Following a petition that gathered 188,099 signatures, the air cargo carrier is partnering with World Animal Protection, an international non-profit animal welfare organization. The group has a vision of seeing the world as one where “animal welfare matters and animal cruelty has ended.”
The two groups are working to find solutions to stop African grey parrots from being smuggled onto Turkish Cargo planes. The collaboration is “a great step towards ending this cruel trade,” World Animal Protection wrote in a statement.
The birds, which are highly intelligent and sociable, are stashed into small, dirty containers to be shipped. They have their flight feathers cut off to prevent them from escaping. Parrots in the wildlife trade have a mortality rate of 66 percent before they even arrive at the transport planes.
The airline had already enacted a global ban on the transportation of African grey parrots as part of its “Wildlife. Not pets” campaign, but the collaboration with World Animal Protection will see even more action being taken.

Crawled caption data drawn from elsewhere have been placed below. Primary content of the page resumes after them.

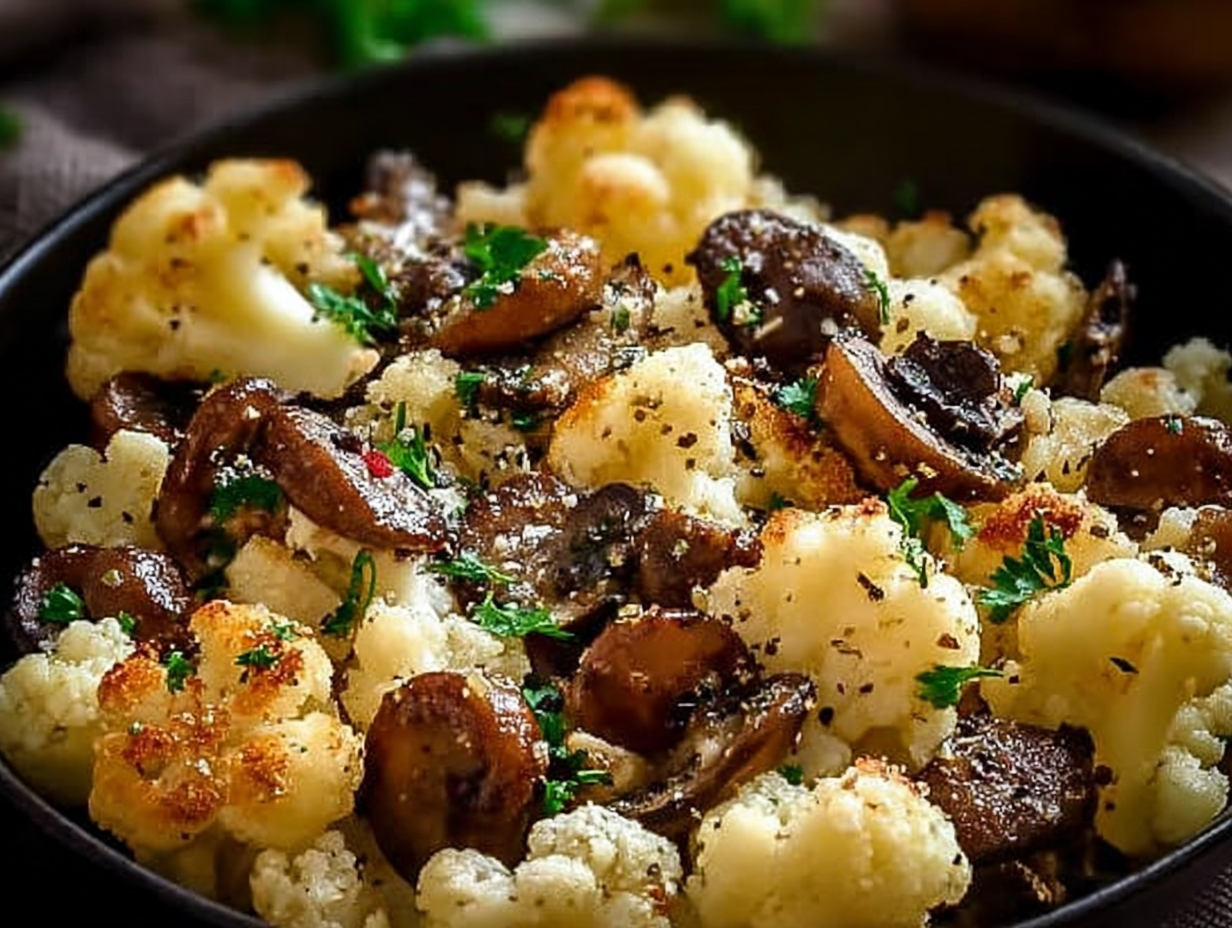 Garlic Cauliflower Mushroom Skillet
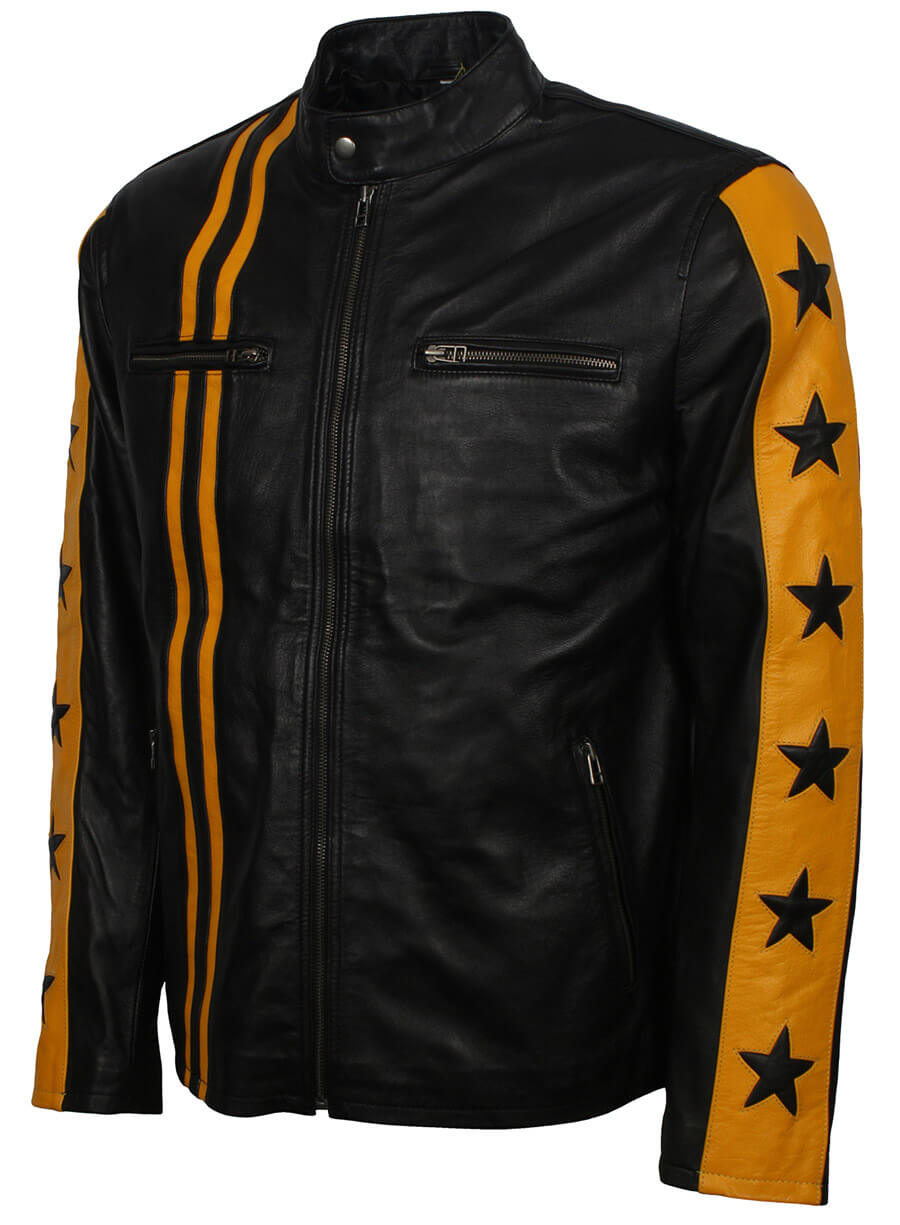 Harpoon Men Yellow Striped Star Inspired Black Real Leather Leather Jacket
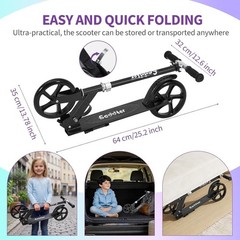 Foldable Kick Scooter Adjustable Scooter 220LBS for Age 6+ Kids, Teens, Adults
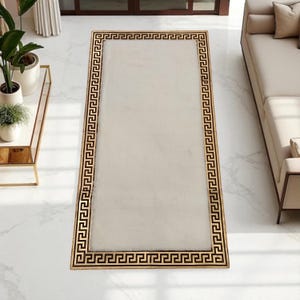 Ivory Faux Fur Rug, Soft Lux Floor Carpet, Custom Plush Area Rug for Bedroom or Living Room, Elegant Runner Decor, Greek Border Rug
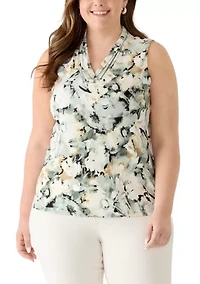 Plus Sleeveless Printed Triple Pleat Dress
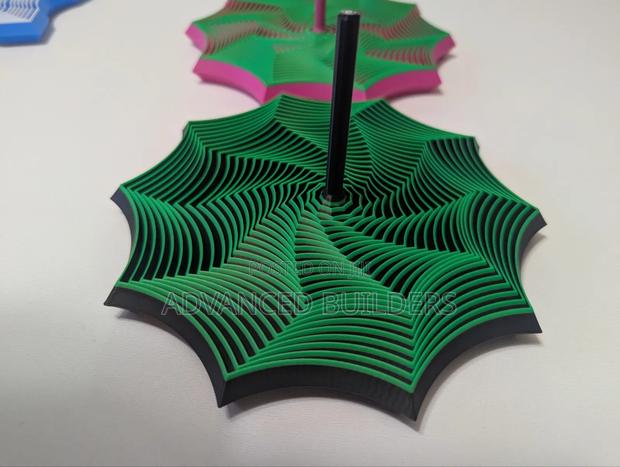3d Printed Curved Multi-Colour Fidget Star - main view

Turkish Cargo will help intercept the illegal smuggling of the birds on-the-ground in the Democratic Republic of Congo (DRC), where most African grey parrots are transported from.

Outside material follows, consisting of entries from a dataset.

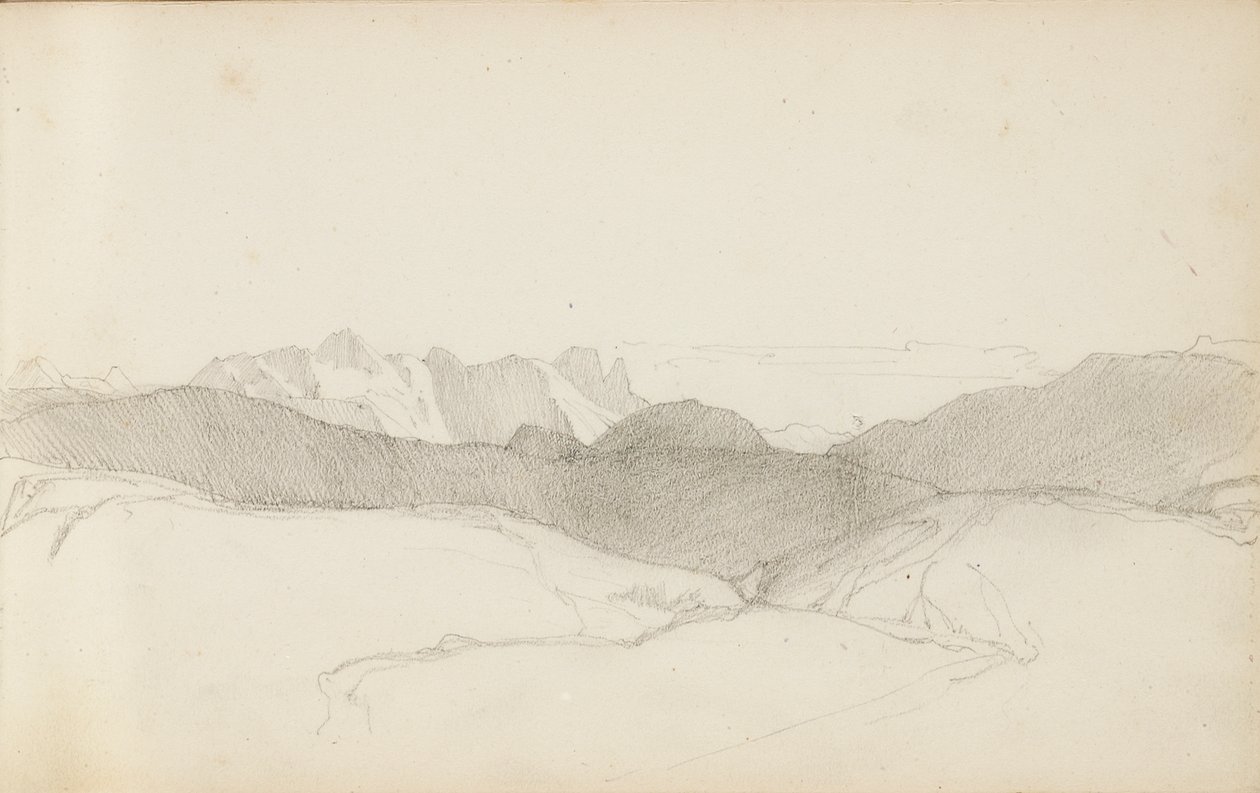素描本的页，“巴斯克地区”，1862-63年 作者 奥迪隆·雷顿（Odilon Redon）
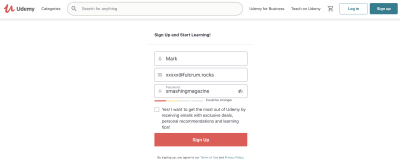 Udemy’s signup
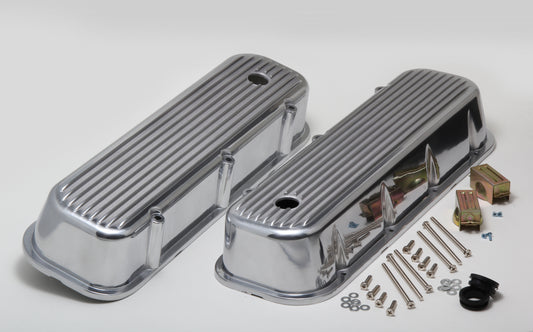Trans-Dapt Performance Finned Aluminum Valve Covers With Hole; Bb Chevy 396-502 V8S 1965-95 6615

“We’re pleased the airline is open to working together to implement far-reaching changes to defend African grey parrots from cruelty,” the animal welfare non-profit wrote. “We hope this work will help protect other wildlife caught in the illegal exotic pet trade too.”

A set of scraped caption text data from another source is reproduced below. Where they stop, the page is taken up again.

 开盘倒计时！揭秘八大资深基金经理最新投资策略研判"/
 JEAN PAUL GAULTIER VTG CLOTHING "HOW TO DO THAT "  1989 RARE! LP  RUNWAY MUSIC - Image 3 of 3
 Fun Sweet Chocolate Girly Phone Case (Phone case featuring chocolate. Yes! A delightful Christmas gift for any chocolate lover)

Turkish Cargo Animal Welfare
It’s not the first effort by Turkish Cargo to reduce animal suffering. The company does not ship wildlife trophies or shark fin and maintains the “utmost regard for animal rights,” according to the business.
This month, Turkish Cargo took three circus lions back to their natural habitat. The three sister lionesses – named Luca, Charlie, and Kai – had been living in a 35-square-meter concrete and steel cage in Ukraine, without direct sunlight or clean air. The animals were saved by the Lawrence Anthony World Organization and transported to a natural park in South Africa with the sponsorship of Turkish Cargo.